-------- Excerpted data --------

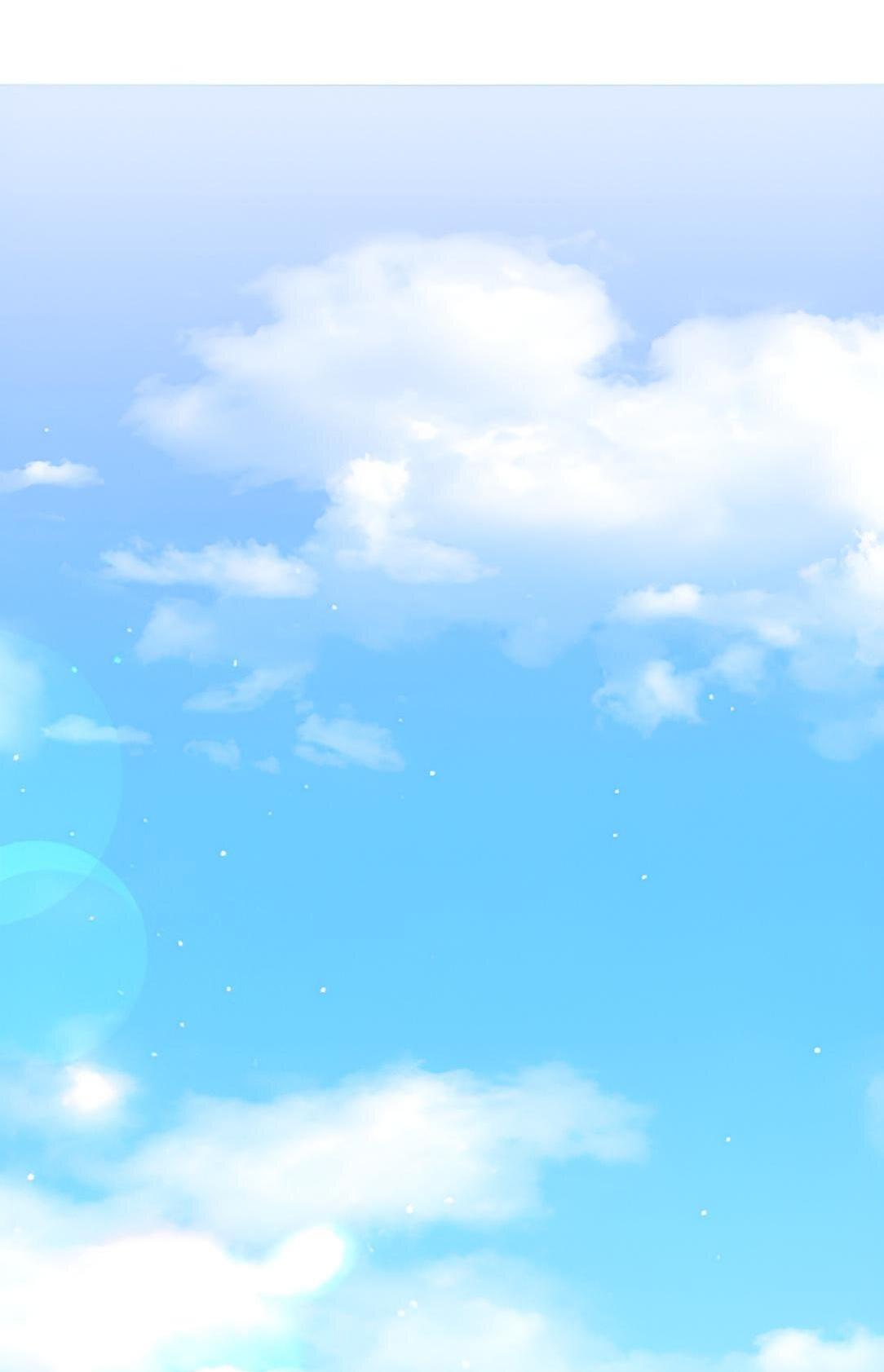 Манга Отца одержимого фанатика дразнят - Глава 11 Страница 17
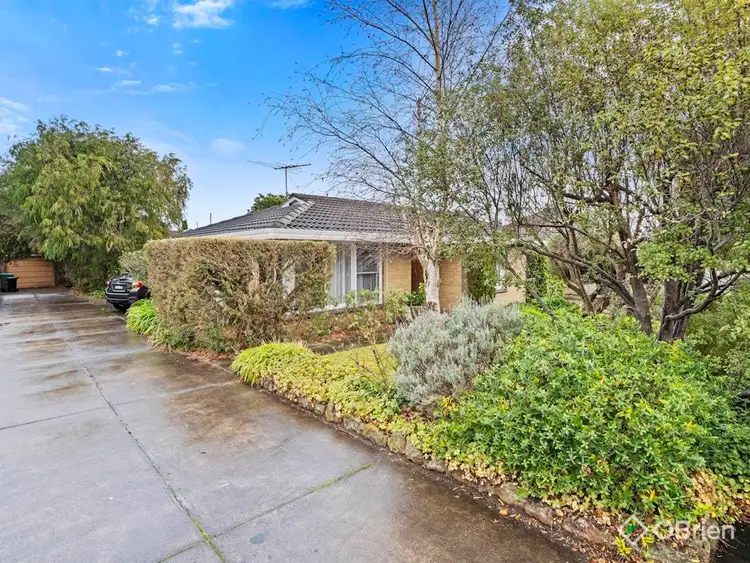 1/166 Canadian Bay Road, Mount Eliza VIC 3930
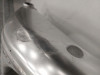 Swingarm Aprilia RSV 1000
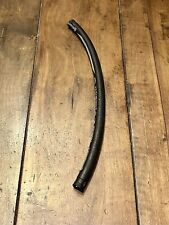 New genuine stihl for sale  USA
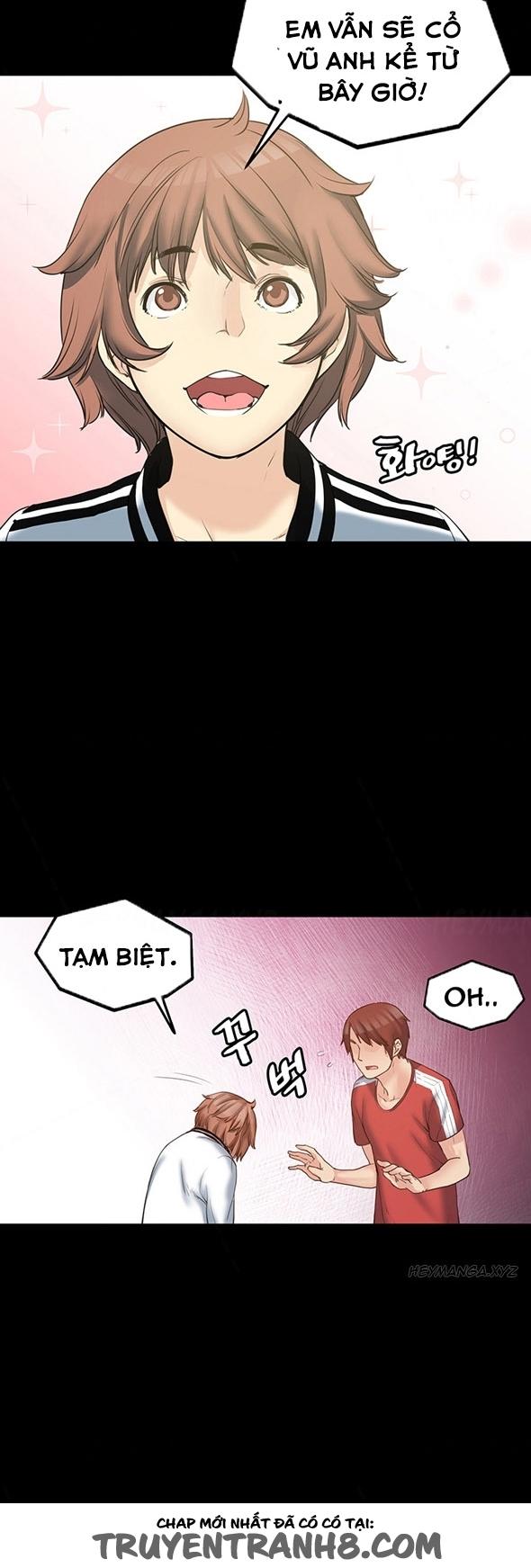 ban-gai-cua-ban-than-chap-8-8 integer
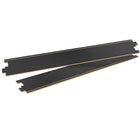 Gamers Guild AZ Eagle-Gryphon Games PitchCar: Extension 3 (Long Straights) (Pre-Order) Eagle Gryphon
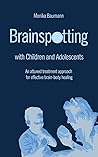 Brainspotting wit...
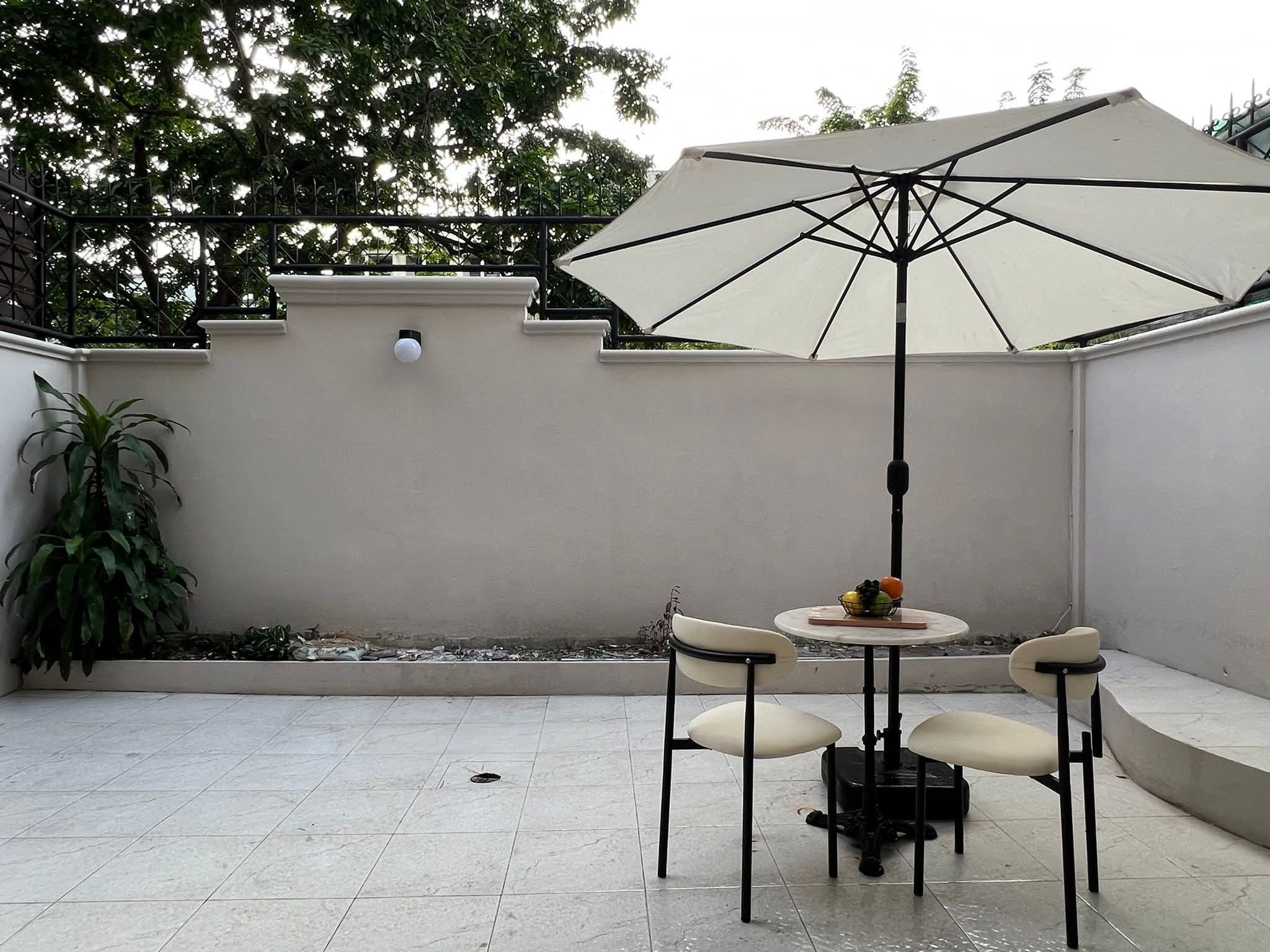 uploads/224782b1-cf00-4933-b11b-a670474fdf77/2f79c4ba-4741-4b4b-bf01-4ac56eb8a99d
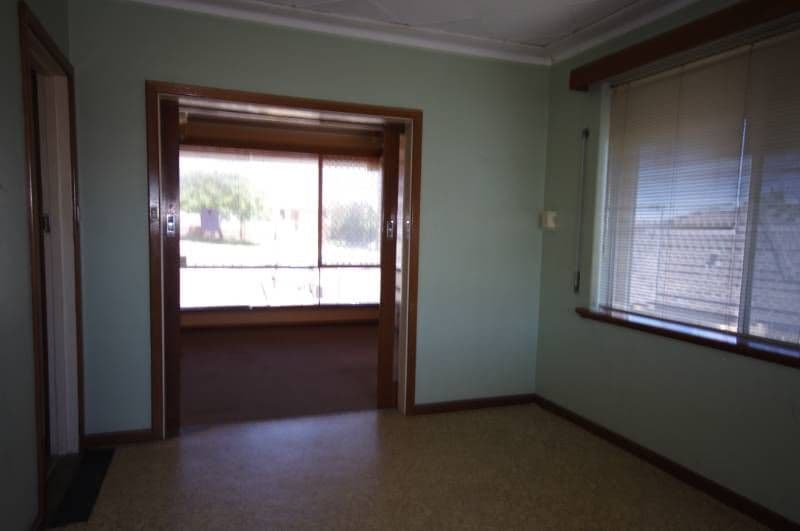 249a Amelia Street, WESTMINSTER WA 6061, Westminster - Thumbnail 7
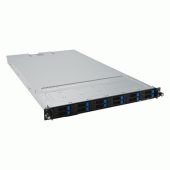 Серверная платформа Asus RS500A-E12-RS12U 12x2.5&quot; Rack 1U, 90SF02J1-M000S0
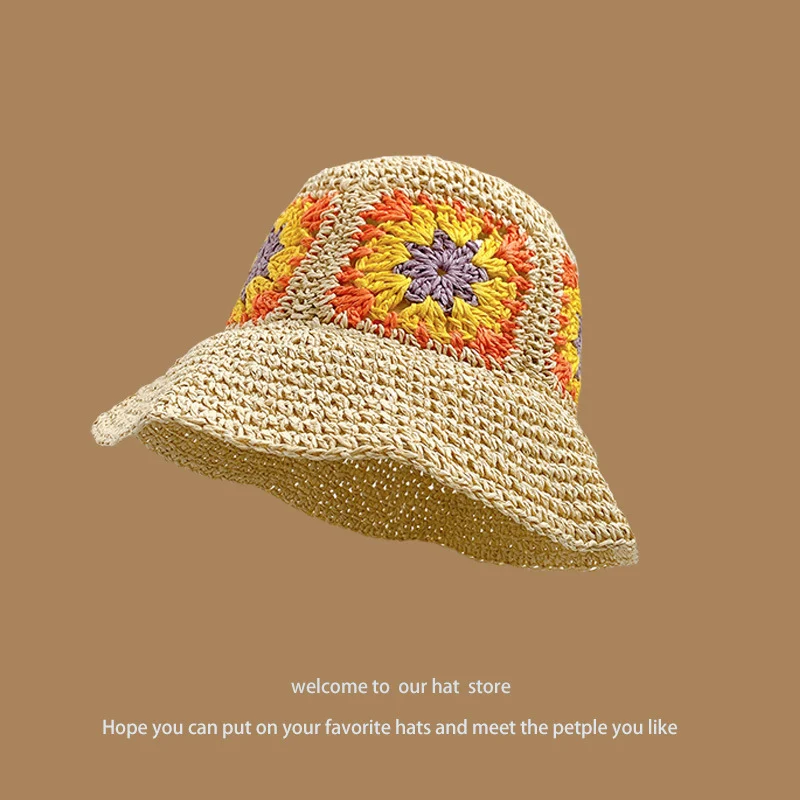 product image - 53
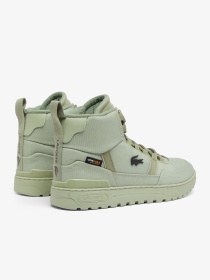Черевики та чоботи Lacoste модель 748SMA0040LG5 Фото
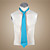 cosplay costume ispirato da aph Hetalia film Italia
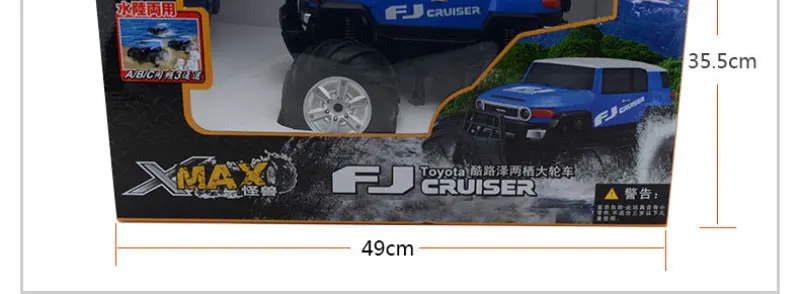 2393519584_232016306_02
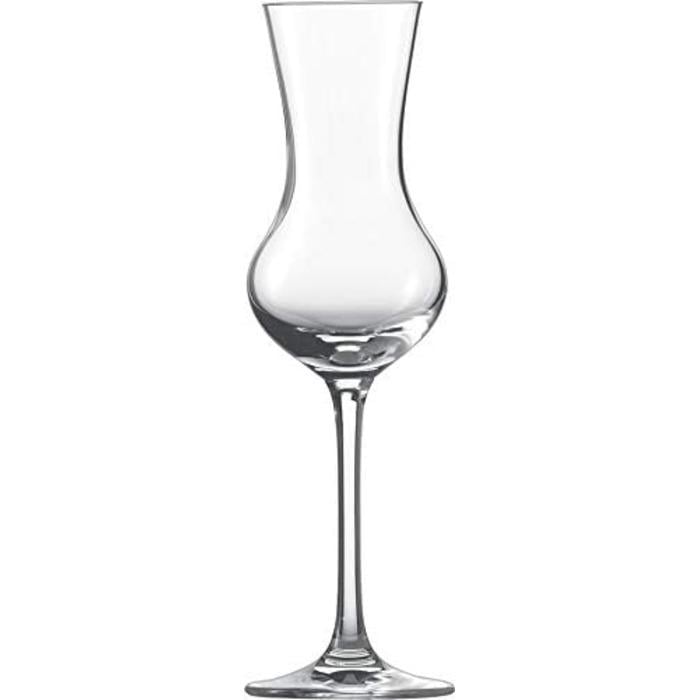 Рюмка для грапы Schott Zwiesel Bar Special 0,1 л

--------

# Task objective:
Only the lines from the one containing "ban-gai-cua-ban-than-chap-8-8 integer" through the last line of the entries, both included, should be repeated exactly, and the pictures should be left out.

# Solution to the exercise:
 ban-gai-cua-ban-than-chap-8-8 integer
 Gamers Guild AZ Eagle-Gryphon Games PitchCar: Extension 3 (Long Straights) (Pre-Order) Eagle Gryphon
 Brainspotting wit...
 uploads/224782b1-cf00-4933-b11b-a670474fdf77/2f79c4ba-4741-4b4b-bf01-4ac56eb8a99d
 249a Amelia Street, WESTMINSTER WA 6061, Westminster - Thumbnail 7
 Серверная платформа Asus RS500A-E12-RS12U 12x2.5&quot; Rack 1U, 90SF02J1-M000S0
 product image - 53
Черевики та чоботи Lacoste модель 748SMA0040LG5 Фото
 cosplay costume ispirato da aph Hetalia film Italia
 2393519584_232016306_02
 Рюмка для грапы Schott Zwiesel Bar Special 0,1 л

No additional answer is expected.